> [Exercise]:
Give back exactly the lines of the data below, starting with the line that has "Szegeden is riasztották" and going on through the line that has "Baden in Danang".

> [Crawled caption data]:

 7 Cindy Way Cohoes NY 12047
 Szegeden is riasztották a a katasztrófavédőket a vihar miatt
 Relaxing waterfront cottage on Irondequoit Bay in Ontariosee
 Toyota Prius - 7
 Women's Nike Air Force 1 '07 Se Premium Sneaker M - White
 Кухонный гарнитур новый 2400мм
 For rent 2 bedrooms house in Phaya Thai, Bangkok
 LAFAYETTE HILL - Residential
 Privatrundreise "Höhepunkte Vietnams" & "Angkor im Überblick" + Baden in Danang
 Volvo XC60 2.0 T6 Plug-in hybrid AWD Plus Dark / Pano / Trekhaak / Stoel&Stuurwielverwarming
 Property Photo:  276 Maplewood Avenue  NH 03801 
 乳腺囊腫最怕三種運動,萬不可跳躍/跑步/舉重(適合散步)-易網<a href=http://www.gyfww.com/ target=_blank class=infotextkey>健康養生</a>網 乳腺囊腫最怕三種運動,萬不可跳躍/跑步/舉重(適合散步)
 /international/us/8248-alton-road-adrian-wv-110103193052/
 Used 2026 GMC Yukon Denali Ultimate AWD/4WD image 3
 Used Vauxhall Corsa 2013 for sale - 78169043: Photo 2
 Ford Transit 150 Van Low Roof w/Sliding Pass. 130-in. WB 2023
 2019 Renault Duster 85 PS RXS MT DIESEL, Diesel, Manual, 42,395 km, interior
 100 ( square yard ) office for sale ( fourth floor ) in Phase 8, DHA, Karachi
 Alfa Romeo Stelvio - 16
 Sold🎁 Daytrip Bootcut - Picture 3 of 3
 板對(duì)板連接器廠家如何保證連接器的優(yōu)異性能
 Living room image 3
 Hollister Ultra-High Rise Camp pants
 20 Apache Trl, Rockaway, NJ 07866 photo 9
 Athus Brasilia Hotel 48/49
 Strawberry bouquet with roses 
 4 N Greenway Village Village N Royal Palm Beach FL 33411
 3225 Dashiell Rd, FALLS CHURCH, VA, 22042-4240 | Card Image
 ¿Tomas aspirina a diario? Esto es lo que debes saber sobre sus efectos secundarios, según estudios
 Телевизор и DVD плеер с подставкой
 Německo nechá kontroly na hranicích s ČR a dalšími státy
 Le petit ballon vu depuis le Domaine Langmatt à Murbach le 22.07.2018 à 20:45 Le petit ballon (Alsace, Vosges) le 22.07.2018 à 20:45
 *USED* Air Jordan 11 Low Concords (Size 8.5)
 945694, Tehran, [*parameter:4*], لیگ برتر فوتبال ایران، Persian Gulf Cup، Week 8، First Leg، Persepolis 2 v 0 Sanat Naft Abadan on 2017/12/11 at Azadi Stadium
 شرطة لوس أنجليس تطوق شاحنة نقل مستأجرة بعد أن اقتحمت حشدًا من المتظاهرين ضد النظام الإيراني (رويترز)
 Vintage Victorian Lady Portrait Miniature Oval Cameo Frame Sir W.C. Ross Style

> [Result]:
 Szegeden is riasztották a a katasztrófavédőket a vihar miatt
 Relaxing waterfront cottage on Irondequoit Bay in Ontariosee
 Toyota Prius - 7
 Women's Nike Air Force 1 '07 Se Premium Sneaker M - White
 Кухонный гарнитур новый 2400мм
 For rent 2 bedrooms house in Phaya Thai, Bangkok
 LAFAYETTE HILL - Residential
 Privatrundreise "Höhepunkte Vietnams" & "Angkor im Überblick" + Baden in Danang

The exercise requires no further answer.